Unbalanced scenarios (observation unbalancedness and population unbalancedness) This is not something we are interested for a wrapper. If necessary, we could start with rewriting c as \[ c =1+Pr(y=1 \mid z=0, s=1)\frac{Pr(z= 0 \mid s = 1)}{ Pr(z=1\mid s=1)} \] and the unbalancedness is explicitly expressed in second term. Specifically, population unbalancedness is expressed by \(Pr(y=1 \mid z=0, s=1)\), since \(Pr(y=1 \mid z=0, s=1) = Pr(y=1)\) under Condition 2, and \(\frac{P(z= 0 \mid s = 1)}{ P(z=1\mid s=1)}\) is a measure of observation unbalancedness.
How to find out the optimal cutoff without knowing the true \(\pi\)
We are able to generate a sequence of estimated probability for each unlabeled instance, even though the probability itself is biased, the order is maintained (shown by ROC curve). For application purpose, sometimes we need to provide a clear category for instances which could be a problem when true \(\pi\) is not provided. One way is to estimate \(\pi\) from estimated c, which is obtained at convergence of the algorithm. However, we should also be aware of the potential biasness of such estimator, since \(\pi\) is not identifiable.

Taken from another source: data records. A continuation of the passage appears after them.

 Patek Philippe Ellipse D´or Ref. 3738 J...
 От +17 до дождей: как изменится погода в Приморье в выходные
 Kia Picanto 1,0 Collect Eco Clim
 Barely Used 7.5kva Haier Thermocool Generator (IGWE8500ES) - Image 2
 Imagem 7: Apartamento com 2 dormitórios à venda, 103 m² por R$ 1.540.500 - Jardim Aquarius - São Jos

Illustration via Simple Simulation Studies
In the first simulation study, we compare the outcomes from knowing true \(\pi\) to those using estimated \(\pi\) under a simplified setting, i.e., \(logit(\Pr(y=1)) = 1.2X+\varepsilon\). We display the estimated probabilities against \(X\) in Figure 1 (a), (b).

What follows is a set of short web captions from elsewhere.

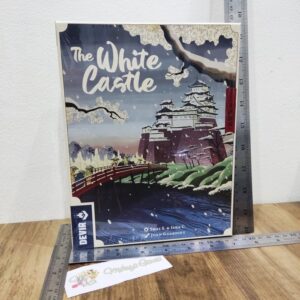 The White Castle Board Game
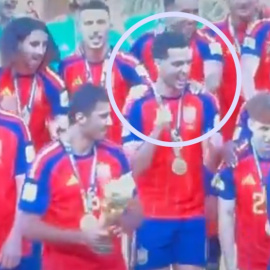 Mikel Merino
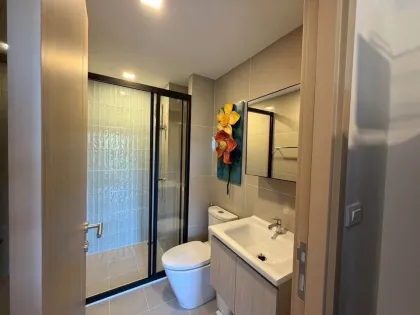 1-комнатная квартира в аренду в The Base Bukit Phuket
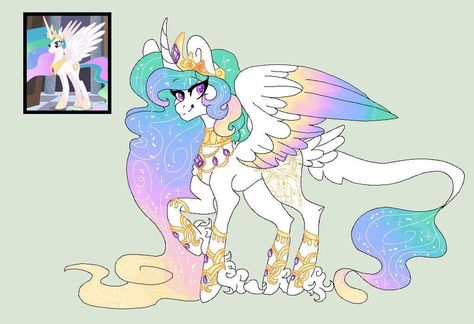 Mlp redesign Princess Celestia Luna Redesign, Celestia Redesign, Mlp Princess Redesign, Celestia And Luna Redesign, Princess Celestia Redesign, Mlp Changeling Redesign, Chunky Sketchbook, Celestia Mlp Redesign, Mlp Designs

Based on the results, there are several comments:
- Biased \(\pi\) (equivalently, \(c\)) leads to biased estimations of probabilities
- Using estimated \(c\) seems to be a valid solution
- Initial value to start EM algorithm does not matter a lot
- True \(c\) has better convergence rate than using estimated \(c\) at each step
In second simulation study, we wrap two basic supervised learning algorithms: random forests (RF) and penalized logistic regression (PLR). At the meantime, we would like to conduct variable selection during the process. For PLR, we adopt LASSO at each EM iteration, while for RF, we use variable importance score as the weights. We generate 100 variables where only 5 of them are related to the outcome. In other words, the rest of them are purely noise. In Figure 2, we display the results based on PUwrapper, and the selected variables, or variable importances are given in panel (c) and (f).